[[ EXERCISE INPUTS open ]]
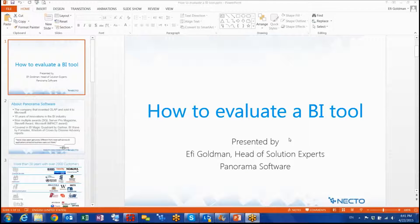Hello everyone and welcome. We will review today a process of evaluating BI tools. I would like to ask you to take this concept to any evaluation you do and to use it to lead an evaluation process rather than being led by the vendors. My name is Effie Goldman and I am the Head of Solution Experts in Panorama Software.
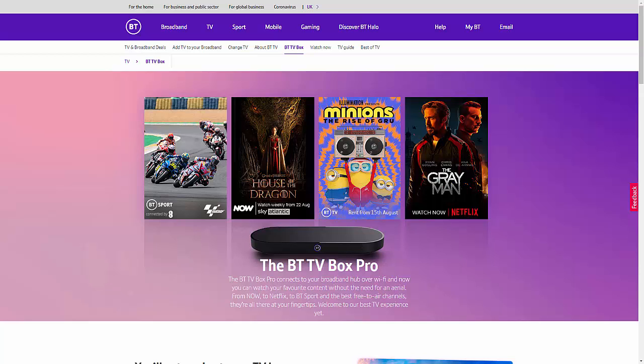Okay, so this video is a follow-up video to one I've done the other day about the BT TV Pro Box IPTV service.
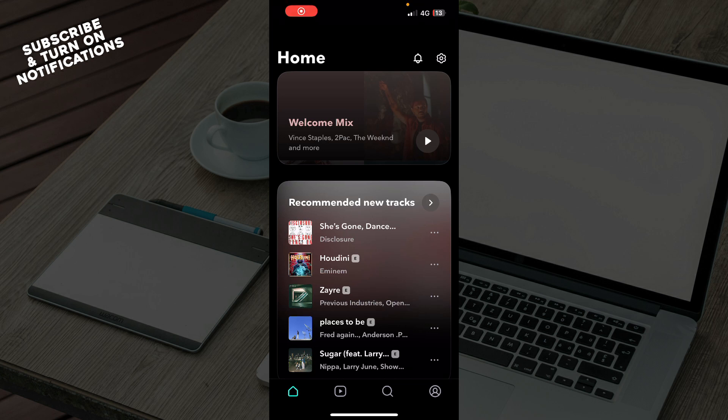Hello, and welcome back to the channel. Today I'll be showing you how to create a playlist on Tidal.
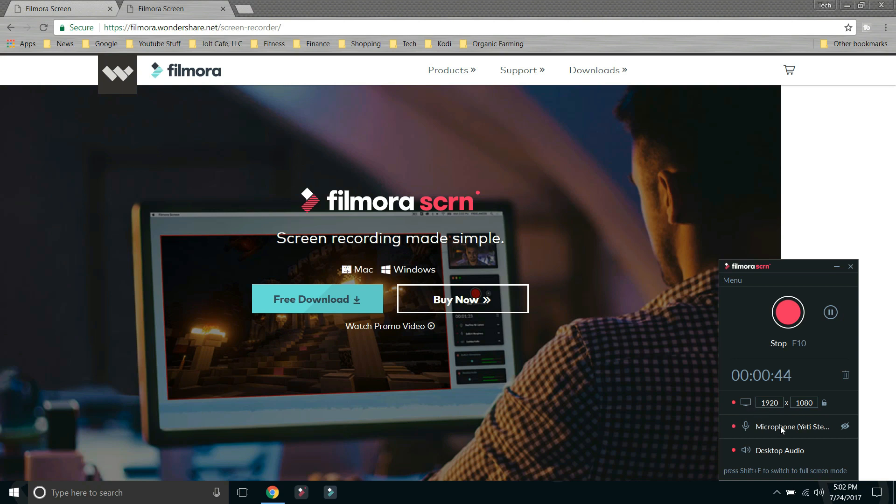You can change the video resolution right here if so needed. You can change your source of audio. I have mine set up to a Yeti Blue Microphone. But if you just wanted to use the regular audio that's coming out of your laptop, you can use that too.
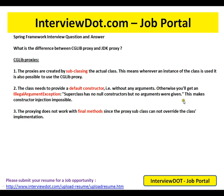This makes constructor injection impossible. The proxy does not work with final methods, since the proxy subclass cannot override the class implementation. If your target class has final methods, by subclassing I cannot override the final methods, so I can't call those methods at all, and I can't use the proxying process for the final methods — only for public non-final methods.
[[ EXERCISE INPUTS closed ]]
◆ WHAT NEEDS TO BE DONE
Please print the entries above exactly. Skip every picture.

◆ ANSWER TO THIS TASK
Hello everyone and welcome. We will review today a process of evaluating BI tools. I would like to ask you to take this concept to any evaluation you do and to use it to lead an evaluation process rather than being led by the vendors. My name is Effie Goldman and I am the Head of Solution Experts in Panorama Software.
Okay, so this video is a follow-up video to one I've done the other day about the BT TV Pro Box IPTV service.
Hello, and welcome back to the channel. Today I'll be showing you how to create a playlist on Tidal.
You can change the video resolution right here if so needed. You can change your source of audio. I have mine set up to a Yeti Blue Microphone. But if you just wanted to use the regular audio that's coming out of your laptop, you can use that too.
This makes constructor injection impossible. The proxy does not work with final methods, since the proxy subclass cannot override the class implementation. If your target class has final methods, by subclassing I cannot override the final methods, so I can't call those methods at all, and I can't use the proxying process for the final methods — only for public non-final methods.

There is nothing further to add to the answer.